Another front for further development will be a combination of single-molecule fluorescence imaging with other non-fluorescence-based imaging and spectroscopy platforms that can enhance the informational output of the single-molecule assays. In vitro mechanical manipulation methods like optical and magnetic tweezers, atomic force microscopy (Neuman and Nagy 2008) and acoustic force spectroscopy (Kamsma et al. 2016) that can apply pN to nN range of forces on single molecules have already been combined with fluorescence detection (Zhou et al. 2010; Kemmerich et al. 2016). Apart from aiding in understanding of virus–receptor interactions (Alsteens et al. 2016) and mechano-chemical coupling of viral enzymes (Dumont et al. 2006; Cheng et al. 2011; Lin and Ha 2017), these methods can allow mapping of the cellular mechanics upon infection (Grashoff et al. 2010). Other high-throughput global analysis approaches like genomics and proteomics, when coupled to single-molecule methods, are finding use in evaluating the cell-to-cell heterogeneity and can become powerful tools in addressing stochasticity in viral infection and host-response (Lubeck and Cai 2012; Lovatt et al. 2014; Lee et al. 2015; Moffitt et al. 2016).

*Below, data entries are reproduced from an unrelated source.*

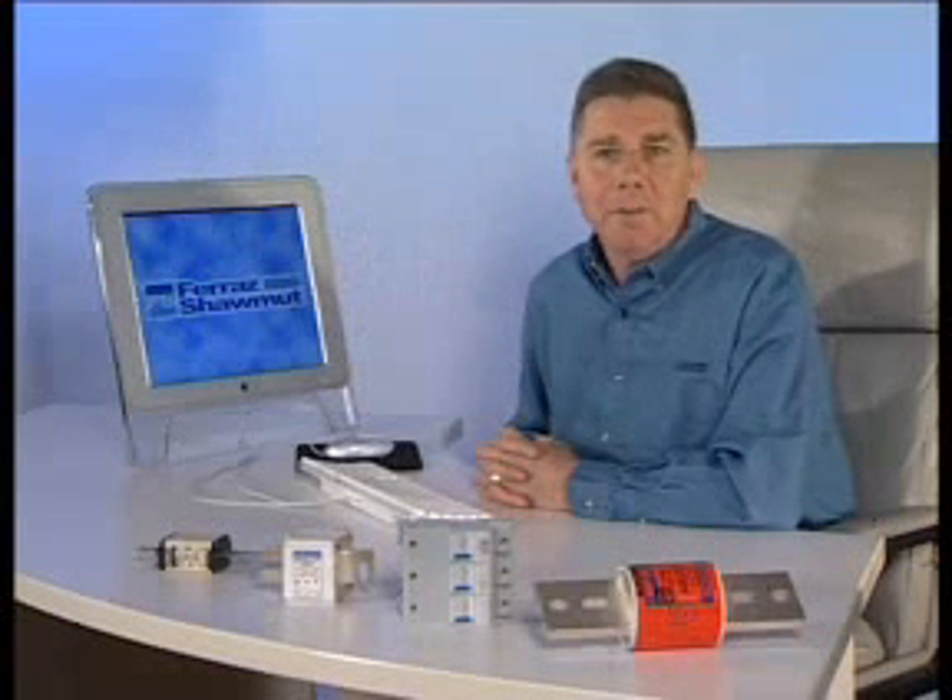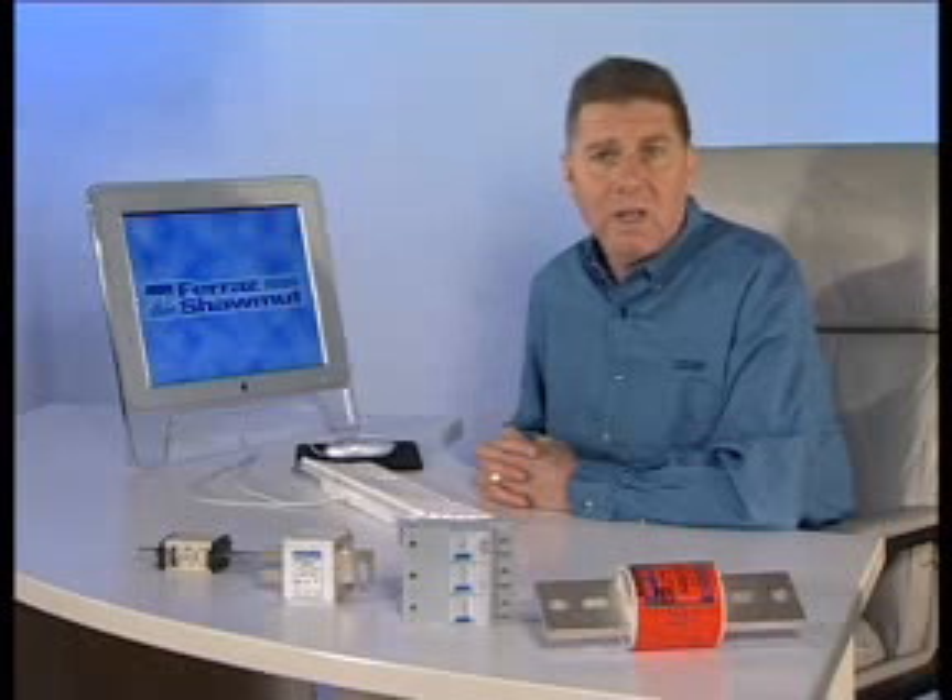In this increasingly competitive context, reliable manufacturing processes running to the maximum for cost effectiveness are one of the keys to success.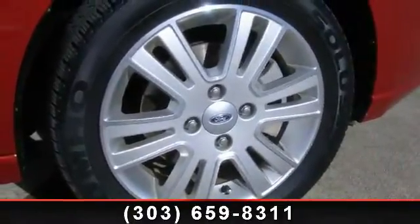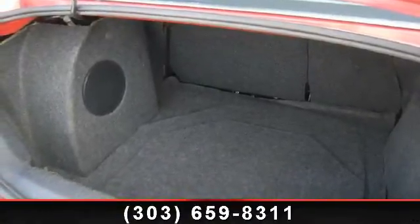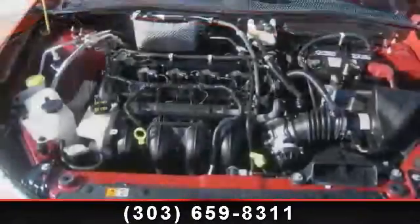If you are looking for a solid pre-owned car, this might be the one. Don't let this vehicle get away — call or click to schedule a test drive today.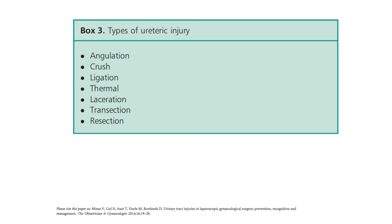Types of ureteric injury include angulation, crush, ligation, thermal injury, laceration, transection, and resection. The most common type of ureteric injury is transection.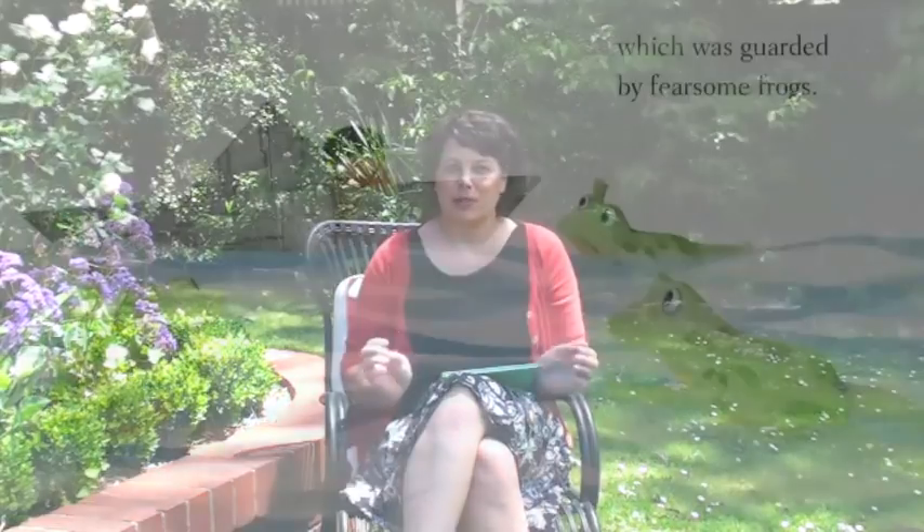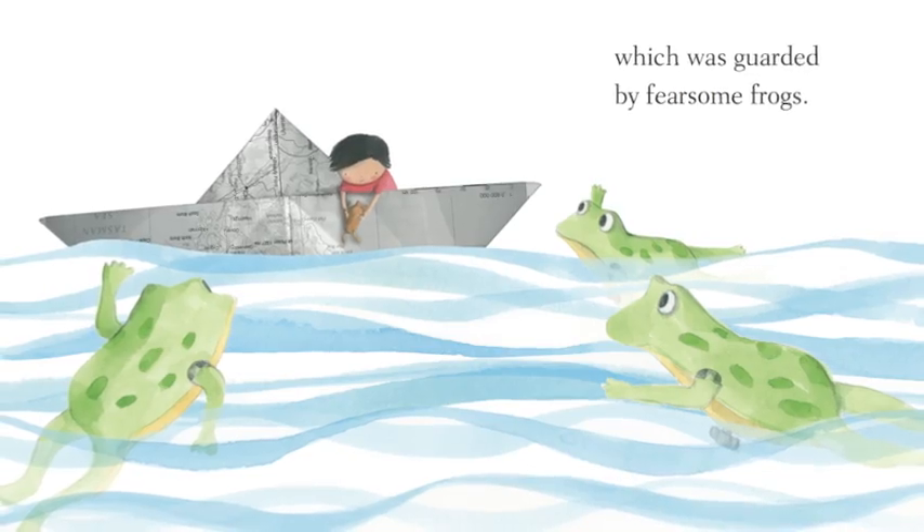Then he goes about and he's got all these things coming at him. He's got the fearsome frogs, which are actually little wind-up frogs. And then he's got the whale that comes out of nowhere and lifts him out of the water. So it's all about what he creates for himself from this tiny little paper boat.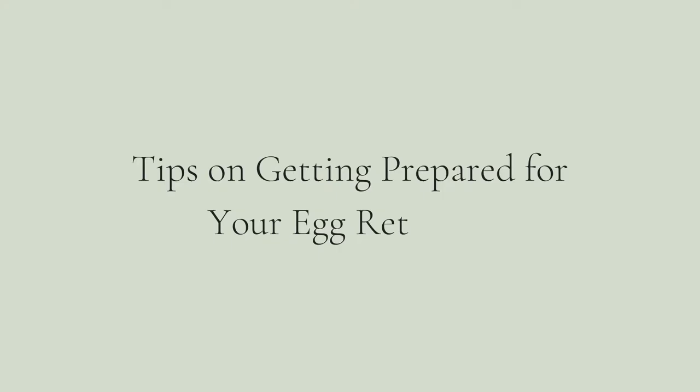I'm Dr. Laura Shaheen. Welcome to my YouTube channel. Today we're going to talk about tips on getting prepared for your egg retrieval. I'm a reproductive endocrinologist with over 15 years experience helping people build their families, and today I'm going to give you some tips on how to be prepared for your egg retrieval.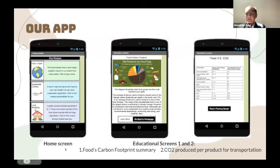The first screen is our home screen. The home screen allows you to access three functions: the top button leads to the education screens, the middle one leads to the AI, and the bottom leads you to a map with local farmers markets. Education screens one and two give a summary on the carbon footprint of different foods to encourage users to use more eco-friendly recipes.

Single-molecule experiments have also remained largely in vitro in nature with studies primarily employing recombinant and truncated versions of the viral components to enable easy and ‘correct’ interpretation of data. Generation of single-molecule experiment capable of constructs using genetic approaches (Nelles et al. 2016; Khan et al. 2017), ability to visualize single molecules deep in animal tissue (Chen et al. 2014; Greiss et al. 2016; Shah et al. 2016), automation and increased user-friendliness of single molecule experiments (necessary for adaptation to enhanced biosafety level facilities) can increase the impact of single-molecule-based methods in virology and other infectious diseases.